BORN 1575, DIED 1657-8.

By Jansen.

EDWARD BRIDGEMAN was the younger son of William Bridgeman of Dean Parva, in the county of Gloucester. He settled in the city of Exeter, and was, in 1578, High-Sheriff of the said city and the county of Devon. His son John was born in Exeter, in a house not far from the palace-gate, which seemed an omen of his future dignity. He was a studious boy, and loved his books, and was carefully kept at school until it was deemed advisable ‘to transplant him to the University,’ when he was entered at Magdalen College, Cambridge, of which he became a Fellow, and eventually the Master. In 1600, being M.A., he was admitted ad eundem at Oxford, and here he attained the degree of Doctor of Divinity, being the highest, we are told, ‘a scholar can receive, or the University bestow.’ Dr. Bridgeman’s character for learning and piety, combined with refinement of manners and good breeding, had reached the ears of King James the First, who appointed him one of his Domestic Chaplains, and soon afterwards he became incumbent of Wigan in Lancashire. For upwards of two hundred years, even to the present day, the living in question has been held, with scarcely any intermission, by a member of the family of Bridgeman. In 1619 the Doctor was raised to the See of Chester, being consecrated at Lambeth, at the same time as the Bishops of Oxford and Bristol. Now the King taking into consideration that the Bishopric of Chester was less lucrative than some others, His Majesty also preferred John Bridgeman to the living of Bangor in Wales, which he was to hold ad commendam, or temporarily. Collins tells us that his Lordship was not present in the Upper House, in the year 1641, when the bishops protested against the proceedings in Parliament, and were impeached, and sent to the Tower, whereby he was saved the tedious imprisonment to which his right reverend brethren were subjected. But all his proclivities were Royalist, and during the usurpation, his estates being sequestrated, he took refuge at his son’s country house at Moreton, near Oswestry, in Salop, where he died about the year 1657 or 1658, being buried in the neighbouring church of Kinnerley, and not in the Cathedral of Chester, as some writers have it.
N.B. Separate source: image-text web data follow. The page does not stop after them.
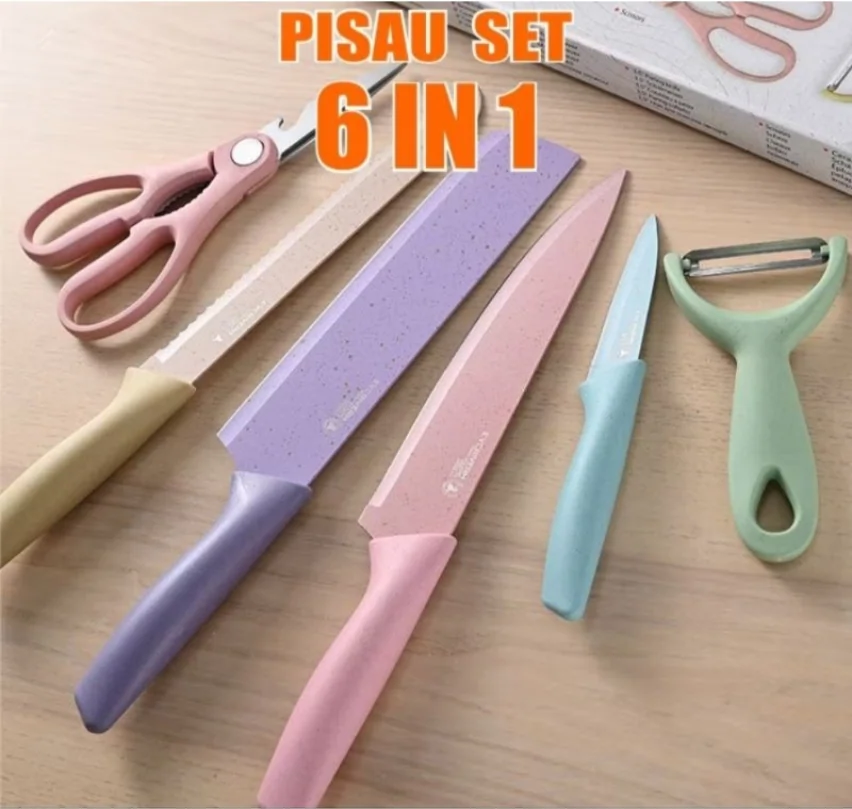 Set Pisau Dapur 6 in 1 Warna Ceria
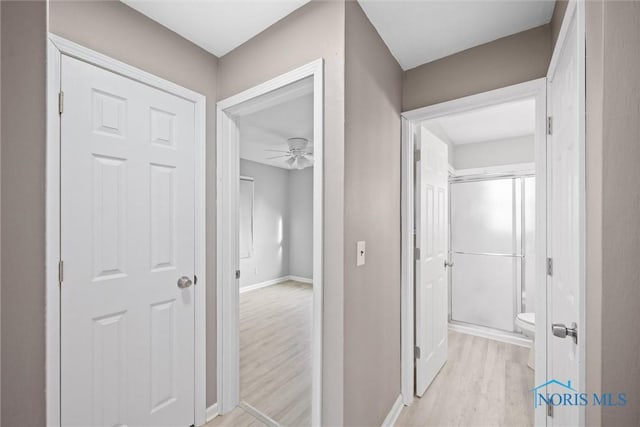 hallway with light hardwood / wood-style floors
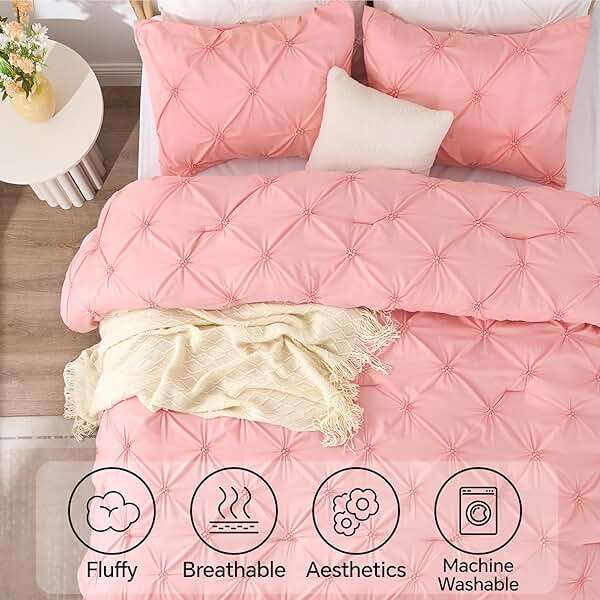 BEDELITE Pink Queen Comforter Set - 3 Pieces Boho Pintuck Bedding Comforter Sets, Lightweight Soft & Warm Bed Comforter with 2 Pillowcases for All Season,Valentines Day - Image 5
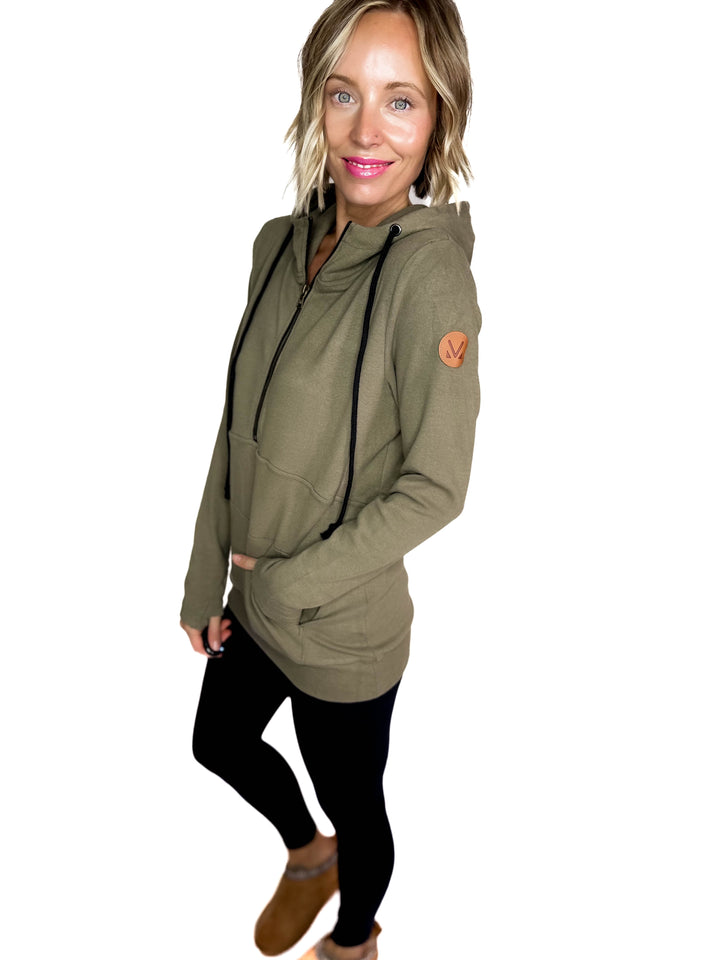 MICHELLE MAE Classic 1/2 Zip- OLIVE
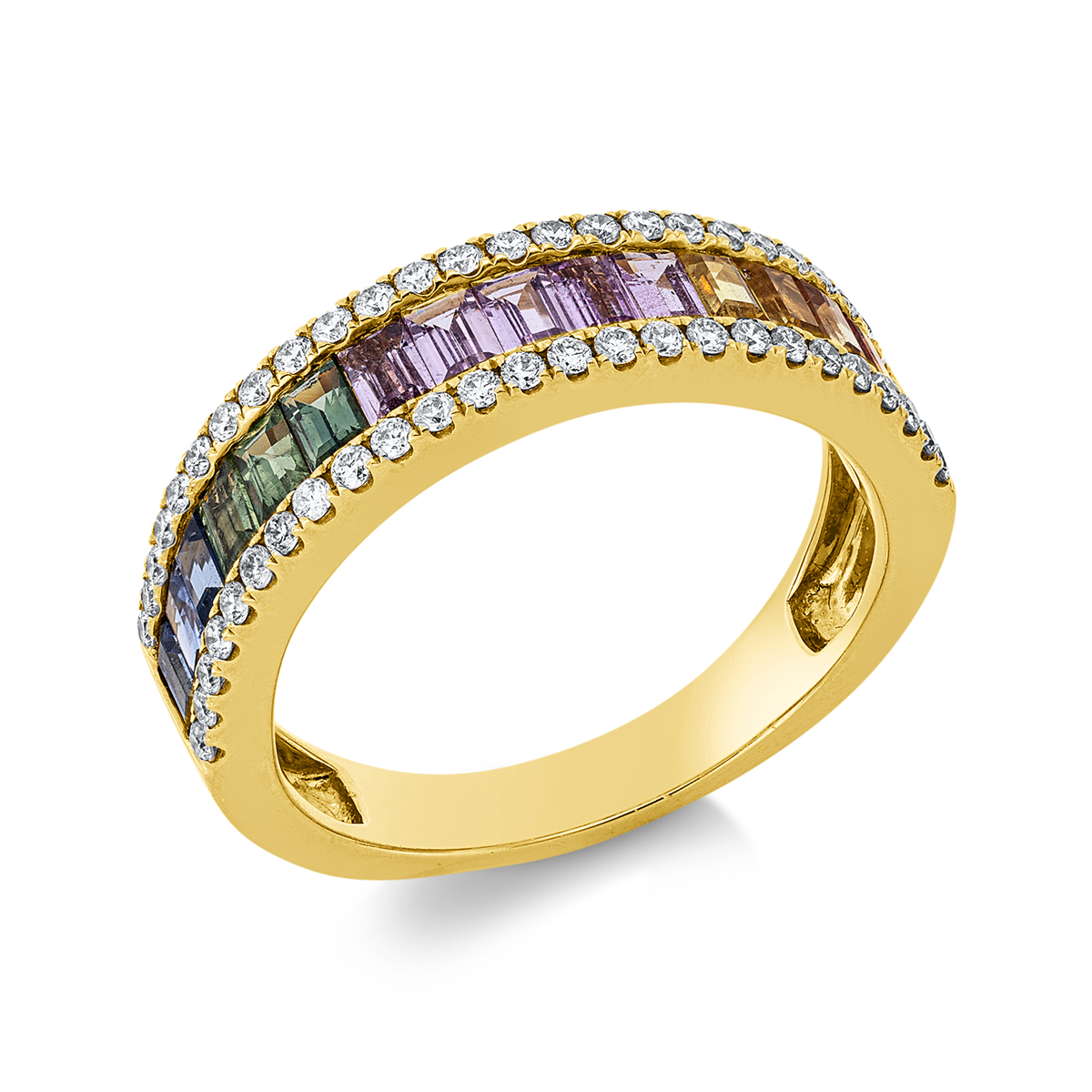 diamond full cut sapphire rainbow & multicolor ring in yellow gold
This worthy Prelate was said to have been ‘as ingenious as he was brave, and a great patron of those gifts in others which he himself owned. He, moreover, was the father of that great and good man, Sir Orlando Bridgeman, the Lord-Keeper, who was a glory to his family, and indeed to the country at large.’ The Bishop of Chester married Elizabeth, daughter of Dr. Helyar (of a good old Somersetshire family), Canon of Exeter, and Archdeacon of Barnstaple, by whom he had five sons—

1. Sir Orlando Bridgeman, afterwards First Baronet, and eventually Lord-Keeper.
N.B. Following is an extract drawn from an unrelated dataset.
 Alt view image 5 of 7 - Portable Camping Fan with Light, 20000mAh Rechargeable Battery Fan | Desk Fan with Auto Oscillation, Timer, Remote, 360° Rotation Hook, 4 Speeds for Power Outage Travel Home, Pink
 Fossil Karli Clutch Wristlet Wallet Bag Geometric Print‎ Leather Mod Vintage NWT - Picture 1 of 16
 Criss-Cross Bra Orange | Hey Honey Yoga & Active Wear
2. Dove, Prebendary of Chester, married Miss Bennet of Cheshire (who survived him), by whom he had one son, Charles, Archdeacon of Richmond, in Yorkshire, who died unmarried 1678. The widow of Dove Bridgeman married, as her second husband, Dr. John Halkett, Bishop of Lichfield.

3. Henry Bridgeman, who was indeed rich in church preferment, being successively Rector of Bangor and Barrow, and Bishop of the Isle of Man. He married Catherine, daughter of Robert Lever, of Lancashire, Gent., by whom he had one daughter, who married Sir Thomas Greenhalgh of Brundlesham, County Lancaster.

4. Sir James Bridgeman, Knight, who married the daughter of one Mr. Allen, a gentleman of Cheshire, by whom he had (beside a son and daughter, who died unmarried) Frances, wife of William, Lord Howard of Escrick, and Magdalen, wife of William Wynder, Esq.

5. Richard, a merchant in Amsterdam, married the daughter of one Mr. Watson, also an English merchant in that city, by whom he had a daughter, Elizabeth, married to John Dove, Surveyor of the Customs; and a son, William, of Westminster, some time Secretary of the Admiralty, and one of the Clerks of the Privy Council, who married Diana, daughter of Mr. Vernatti, an Italian gentleman. Their children were Orlando, and Catherine, married to a relative, son of Sir John Bridgeman, Bart.